* TASK *
The material below includes pictures; leave them out and return only the lines between the line containing "Imagem de Poltrona" and the line containing "Poster refreshing cocktail", inclusive, word for word.

* DATA FOR REVIEW *
*****

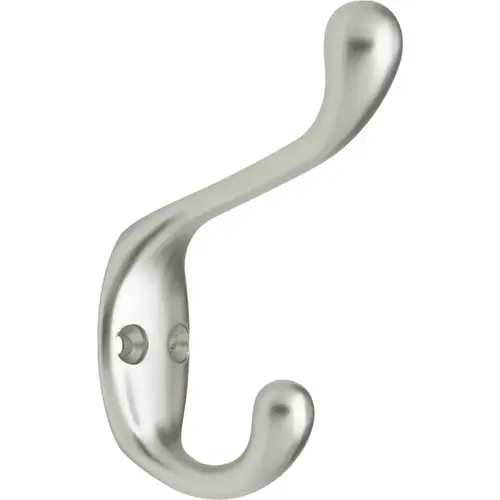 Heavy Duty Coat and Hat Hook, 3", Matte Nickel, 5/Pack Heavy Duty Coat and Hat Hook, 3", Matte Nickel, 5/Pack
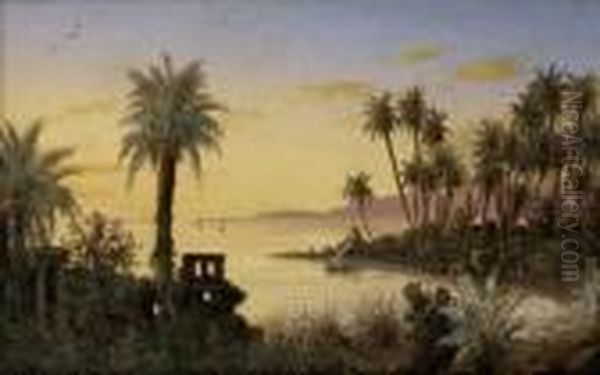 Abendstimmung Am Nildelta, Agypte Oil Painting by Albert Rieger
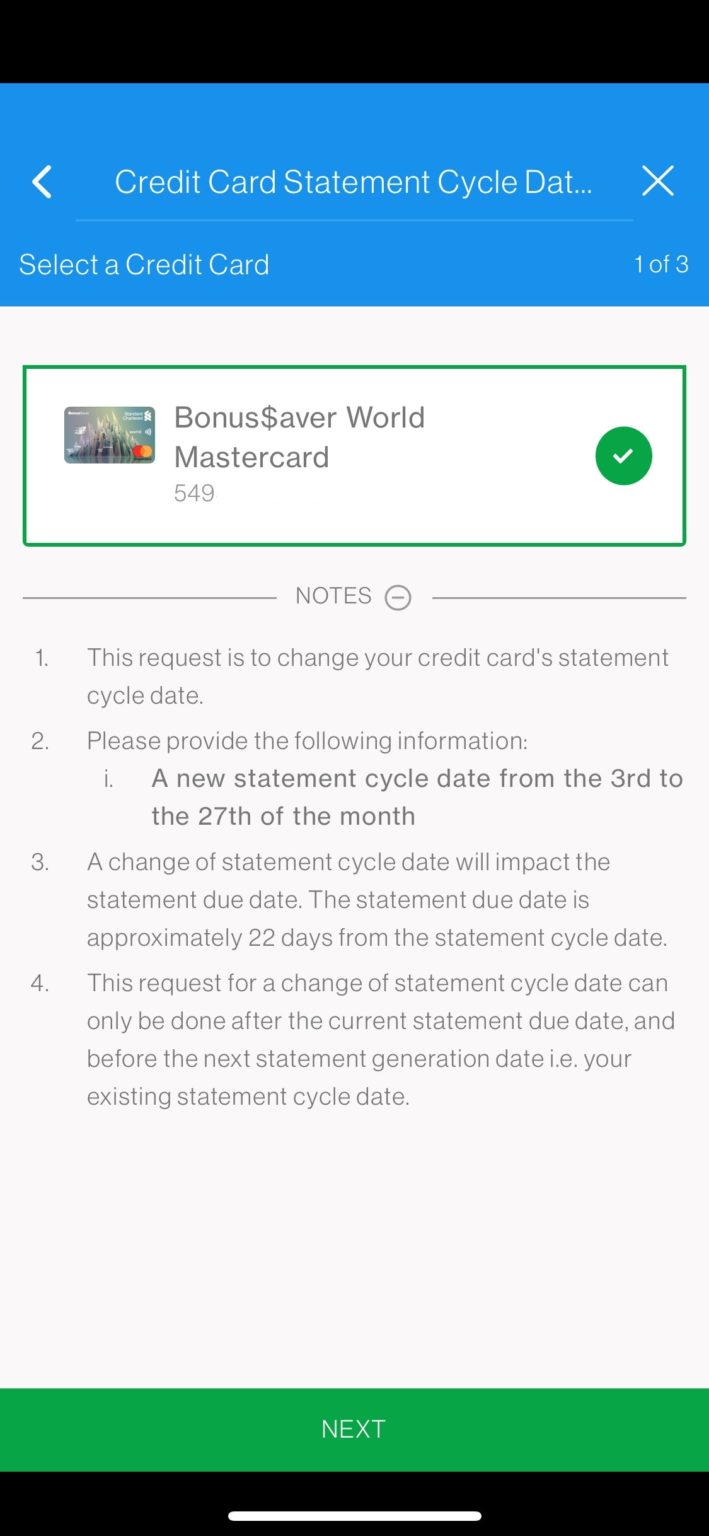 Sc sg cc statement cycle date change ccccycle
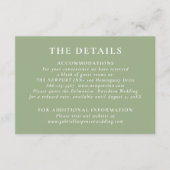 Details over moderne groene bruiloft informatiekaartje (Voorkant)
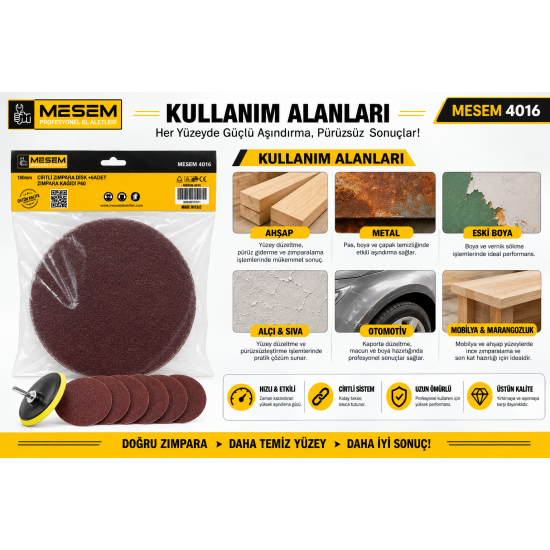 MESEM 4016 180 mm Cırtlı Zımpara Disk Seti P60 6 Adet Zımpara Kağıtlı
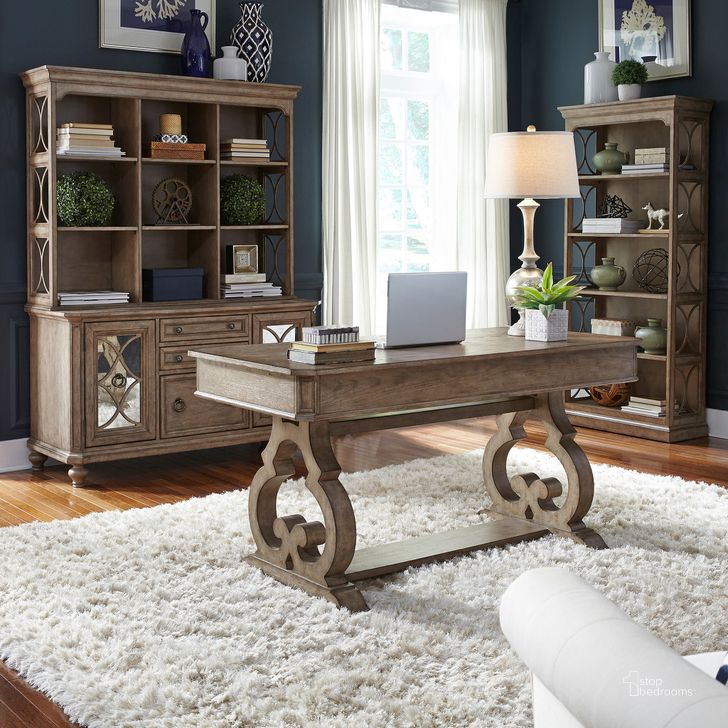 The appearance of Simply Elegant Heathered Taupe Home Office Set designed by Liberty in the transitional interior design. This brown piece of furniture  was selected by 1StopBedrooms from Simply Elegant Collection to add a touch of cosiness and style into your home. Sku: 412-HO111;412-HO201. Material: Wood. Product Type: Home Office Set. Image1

*****

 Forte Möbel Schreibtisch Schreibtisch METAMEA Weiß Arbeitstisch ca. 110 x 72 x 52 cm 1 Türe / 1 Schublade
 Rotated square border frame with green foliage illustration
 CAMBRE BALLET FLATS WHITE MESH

*****

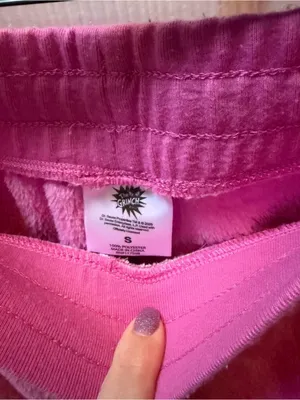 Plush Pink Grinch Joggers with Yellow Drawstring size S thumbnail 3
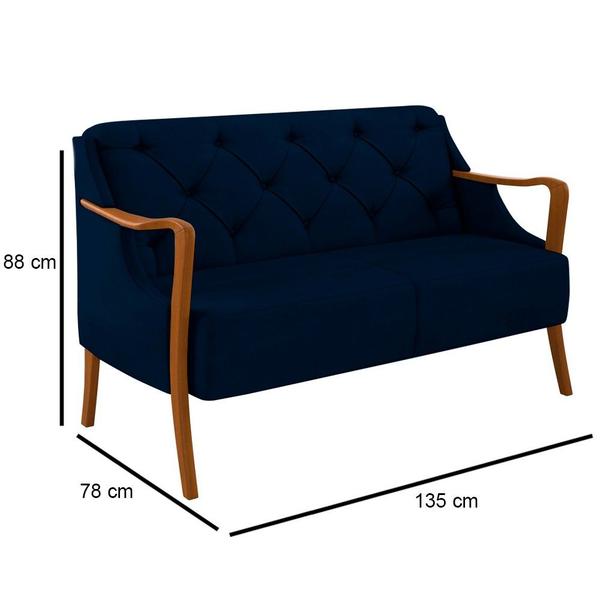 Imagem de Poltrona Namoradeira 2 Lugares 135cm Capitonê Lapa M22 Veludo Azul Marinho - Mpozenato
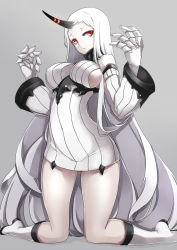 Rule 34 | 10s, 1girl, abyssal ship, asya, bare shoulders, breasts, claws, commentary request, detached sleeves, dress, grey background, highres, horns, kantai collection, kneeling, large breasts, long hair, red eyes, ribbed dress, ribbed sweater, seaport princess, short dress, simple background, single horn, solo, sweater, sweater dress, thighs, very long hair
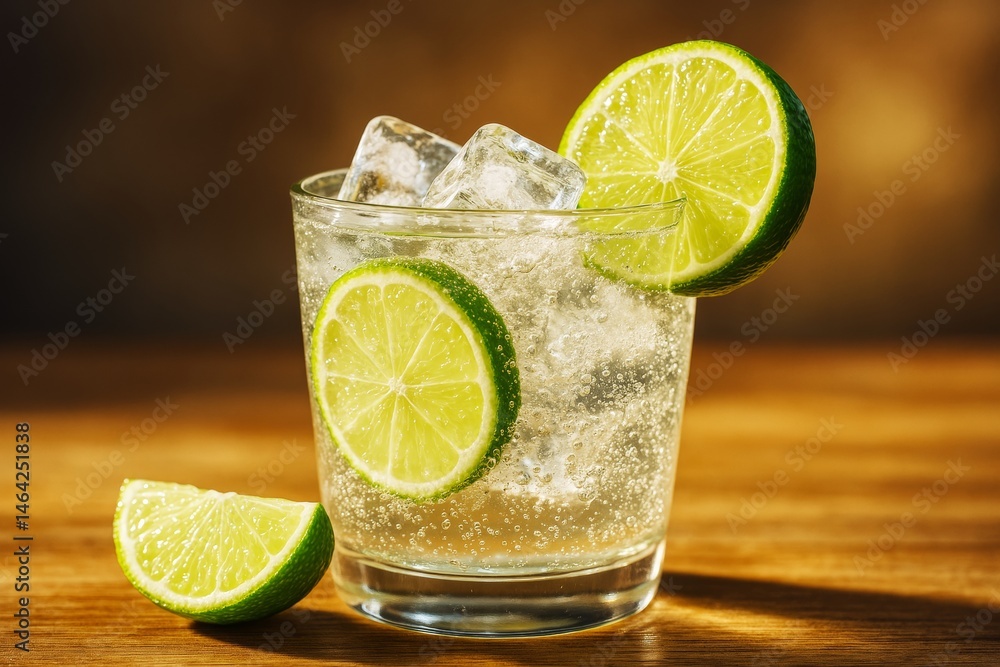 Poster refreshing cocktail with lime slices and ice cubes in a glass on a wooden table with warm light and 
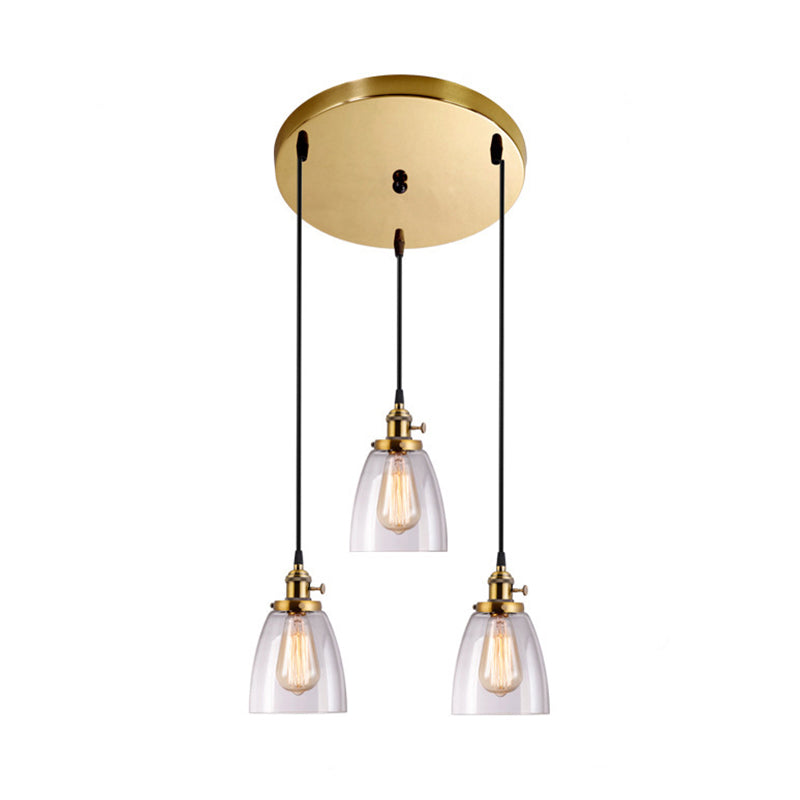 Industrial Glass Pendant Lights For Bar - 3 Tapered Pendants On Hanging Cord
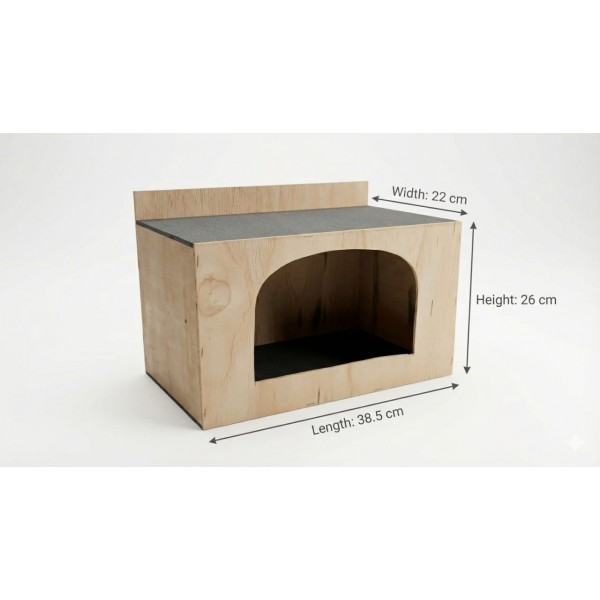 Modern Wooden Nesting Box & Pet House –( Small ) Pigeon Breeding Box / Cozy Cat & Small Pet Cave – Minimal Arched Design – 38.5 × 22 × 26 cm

*****

* RESPONSE AREA *
 Imagem de Poltrona Namoradeira 2 Lugares 135cm Capitonê Lapa M22 Veludo Azul Marinho - Mpozenato
 Rule 34 | 10s, 1girl, abyssal ship, asya, bare shoulders, breasts, claws, commentary request, detached sleeves, dress, grey background, highres, horns, kantai collection, kneeling, large breasts, long hair, red eyes, ribbed dress, ribbed sweater, seaport princess, short dress, simple background, single horn, solo, sweater, sweater dress, thighs, very long hair
 Poster refreshing cocktail with lime slices and ice cubes in a glass on a wooden table with warm light and 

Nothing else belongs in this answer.